It was also found that L-carnosine as a natural actively metabolizing connection has a limited lifetime in the body, exposing the cleavage of a specific enzyme carnosinase. After 15 min after intraperitoneal administration to rats of its content in the blood reaches a maximum and then begins to decline, returning to the original low level after 30 min after injection. The brain and liver are characterized by similar kinetics of accumulation of carnosine, although the time of maximum is shifted to 30 minutes, and decrease to the initial level to 45-60 minutes (Gulyaeva NV prospects of development of medicinal products on the basis of carnosine (some new principles). Biochemistry, t, 9, 1992, s-1403).

Treatment with L-carnosine and its esters is carried out in the pathology associated with hypoxia (cardiovascular diseases the project, diseases of the brain and nervous system).
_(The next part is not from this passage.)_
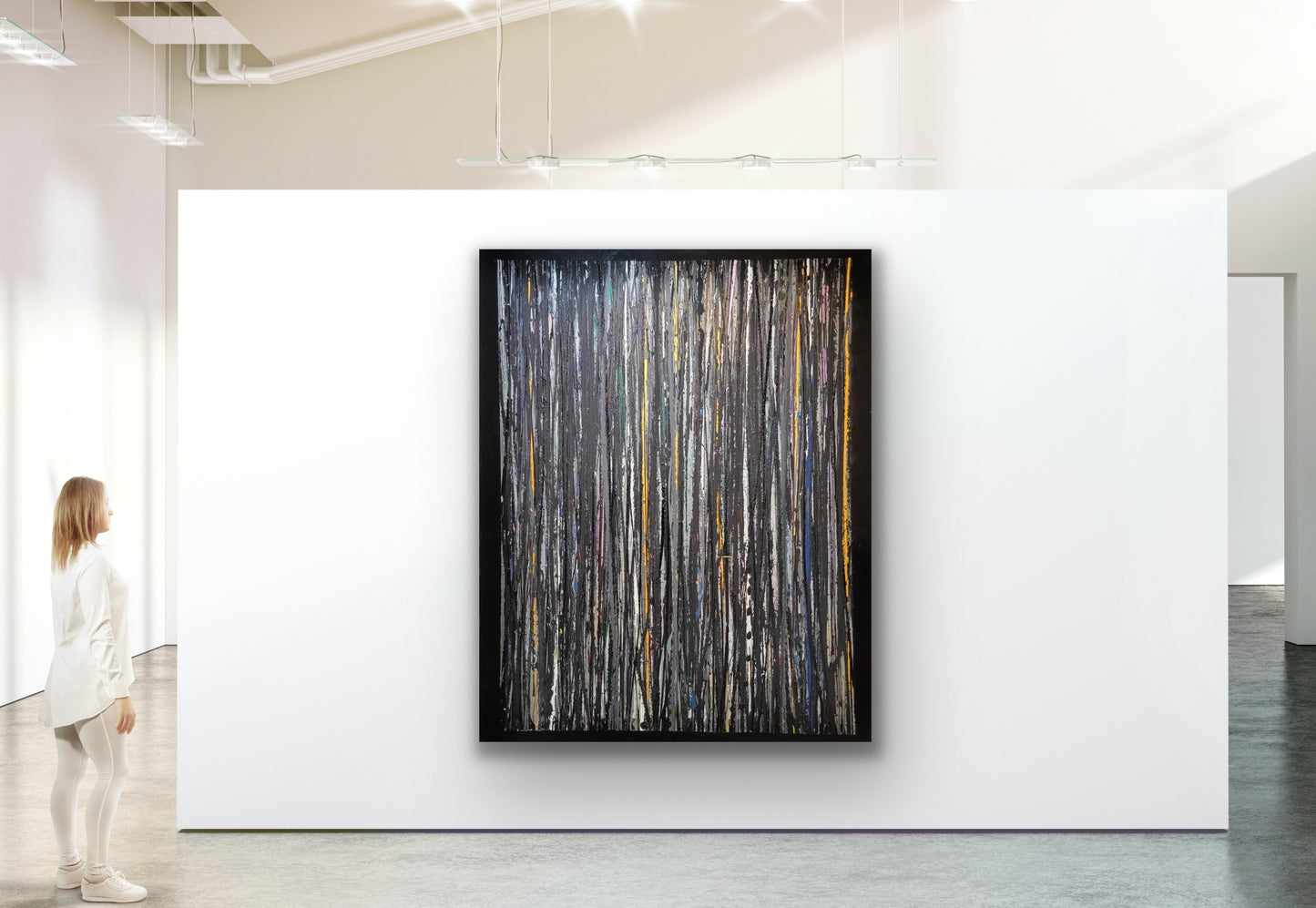 Line Intention (Golden Onyx) stretched canvas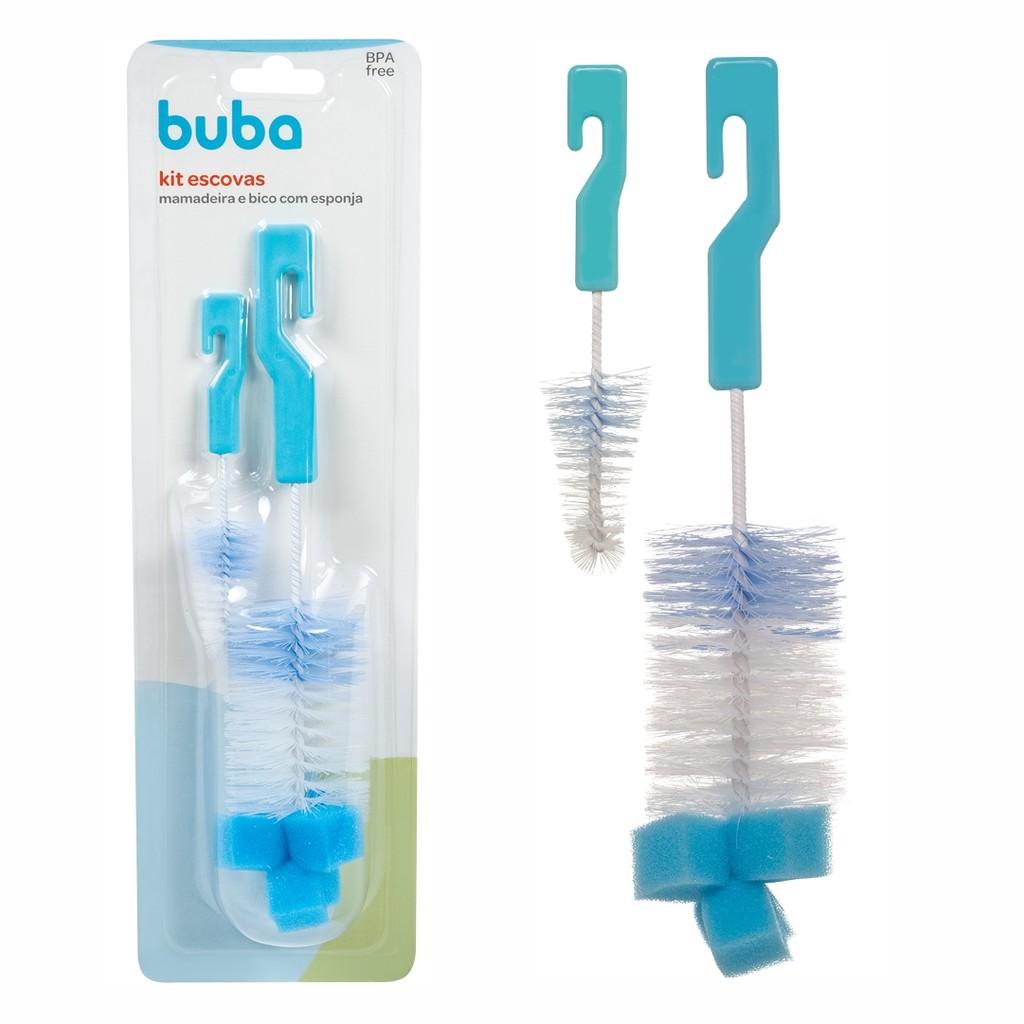 Kit 2 Escovas de Limpeza para Mamadeira Buba  Higiene Profunda e Prática Buba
It is known the use of methyl and ethyl esters of carnosine as an antioxidant and antihypoxic funds, obtained through enzymatic hydrolysis (EN 2191592, 27.10.2002). The source of information considered as the closest analogue. Means, obtained through enzymatic hydrolysis, increases the oxidative stability of biological structures. It was found that at a concentration of 150 μm L-carnosine and its esterified derivatives after inactivated with equimolar concentrations of copper and zinc is almost completely inhibit the recovery of HCT, which indicates the presence of severe superoxide intercepting activity (SPA) in the investigated compounds. The constant proinvestirovany (K0,5for carnosine is 30 μm, and for ethyl and methyl esters of 25 and 60 µm, respectively. Thus, the efficiency of the SPA for these complexes are significant differences in concentrations of 20-60 μm. High SPA was observed in ethyl ether carnosine and lower - carnosine and its methyl ester. Effective dose in an experiment on animals, in particular antigipoksicheskoe and antioxidant action of carnosine and its ethyl ester in stable sulfate anions form is 100 mg/kg

is shown the drug is currently successfully used in medical practice. However, the application of it in the form of biologically active substances in the pathology that develops on the background of hypoxia (heart attack, stroke, hypertension and others), in optimal doses is difficult due to the limited time of his life in the body. Creating nonprepared containing L-carnosine, can increase its lifetime in the body and, therefore, to enter it in therapeutic doses in a small volume.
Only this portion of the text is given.